▶ [Action item]: Pictures are not part of the copy. Set down exactly the lines from the one containing "Peaceful Shoreline - Beach" through the last line of the material below.

★ ★ ★ ★ ★ ★ ★

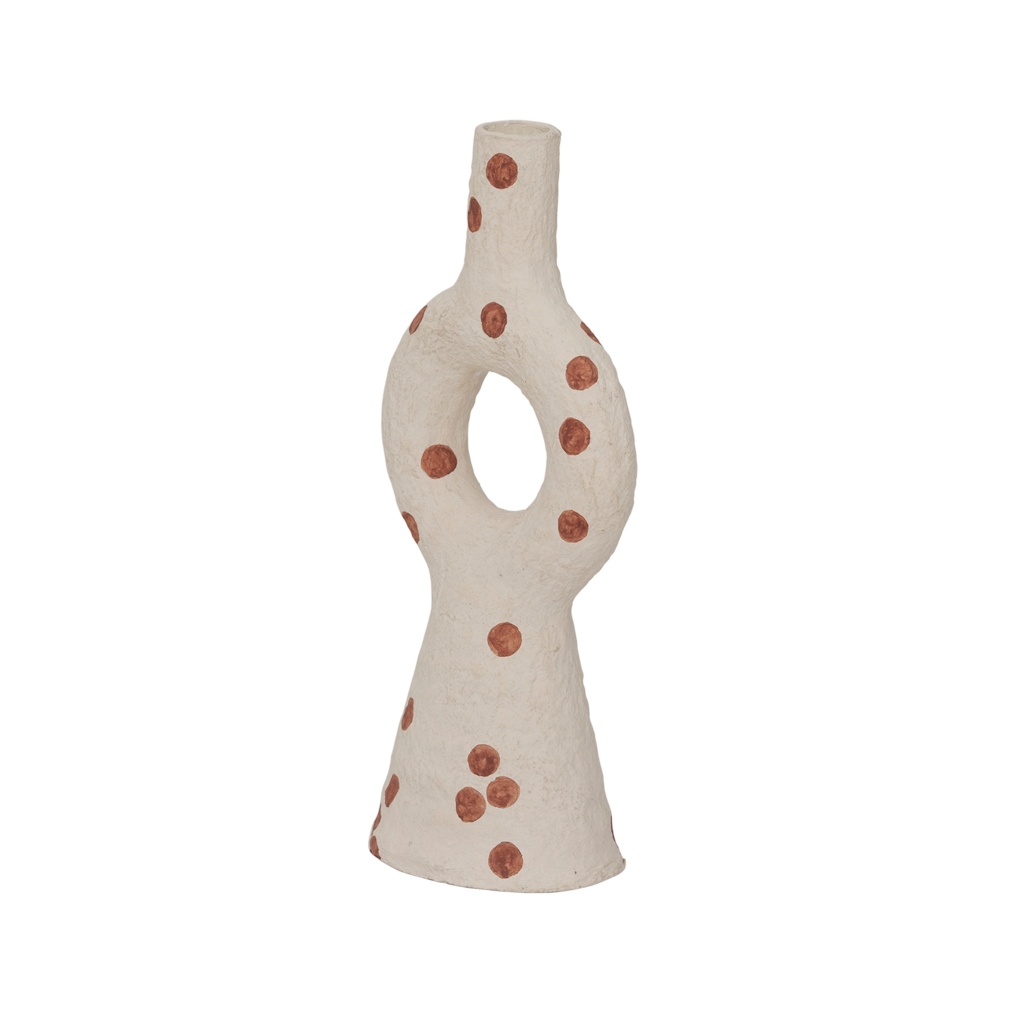 Nao candle holder from the side, showing its hand-applied dots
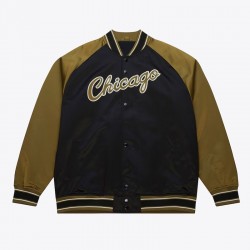 Chicago Bulls Black/Olive Satin Double Clutch Jacket 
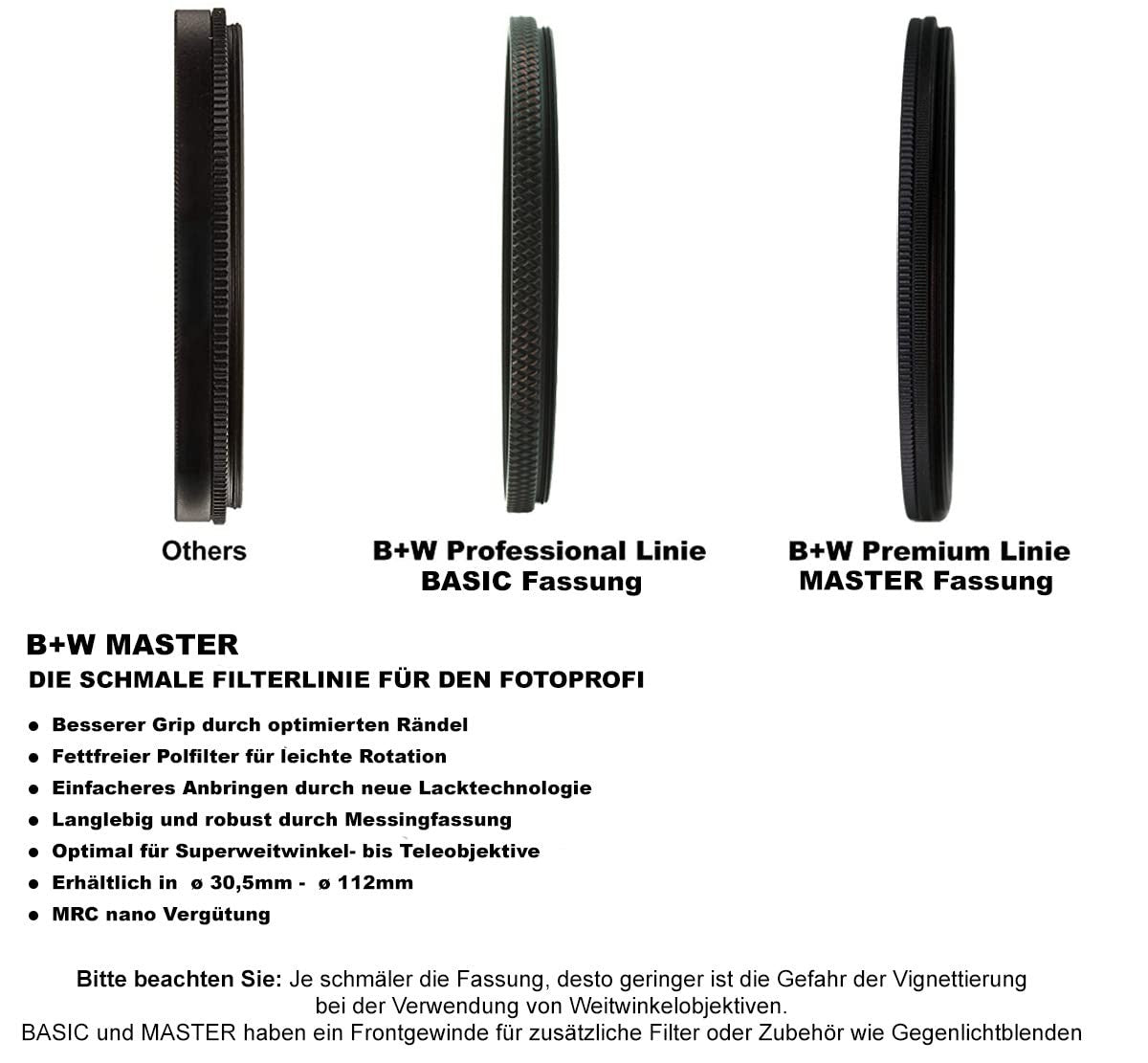 B+W 40.5mm Master UV Haze MRC Nano glass filter showing clear, coated optical glass for camera lens protection and haze reduction.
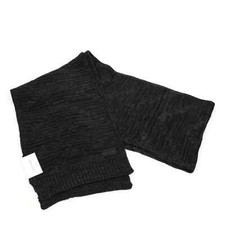Calvin Klein Mens Black Knit Textured Fall Rectangle Scarf One Size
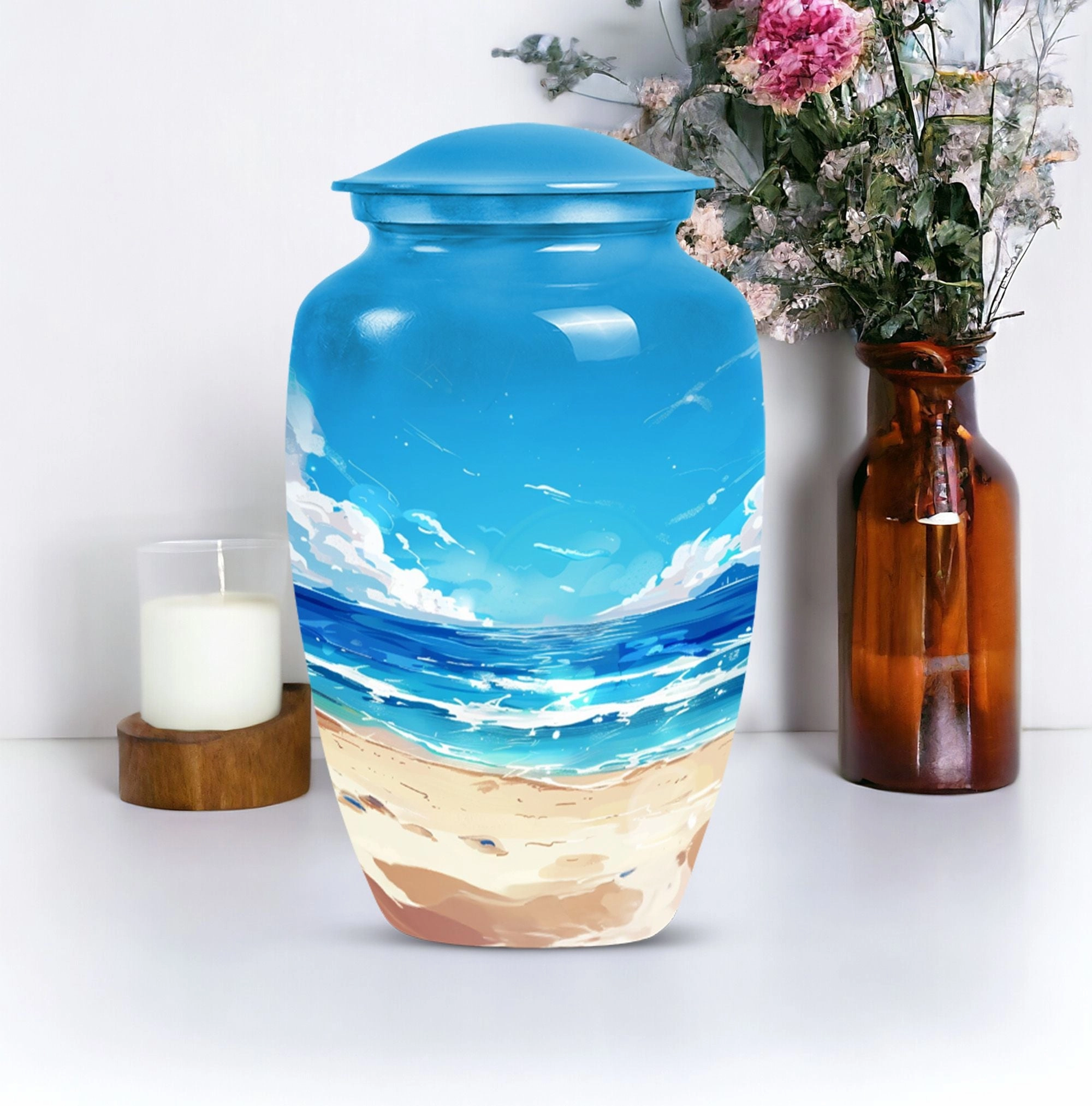 Peaceful Shoreline - Beach Urn for Timeless Cremation Medium Urn
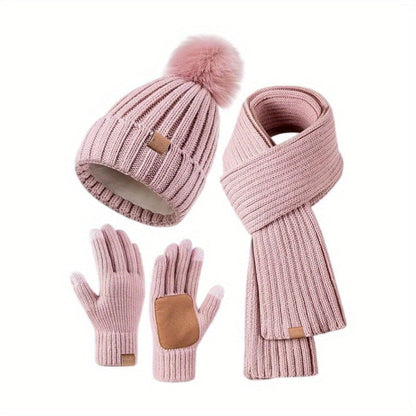 Knitted Winter Hat Scarf and Touchscreen Gloves Set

★ ★ ★ ★ ★ ★ ★

▶ [Result for this task]:
 Peaceful Shoreline - Beach Urn for Timeless Cremation Medium Urn
 Knitted Winter Hat Scarf and Touchscreen Gloves Set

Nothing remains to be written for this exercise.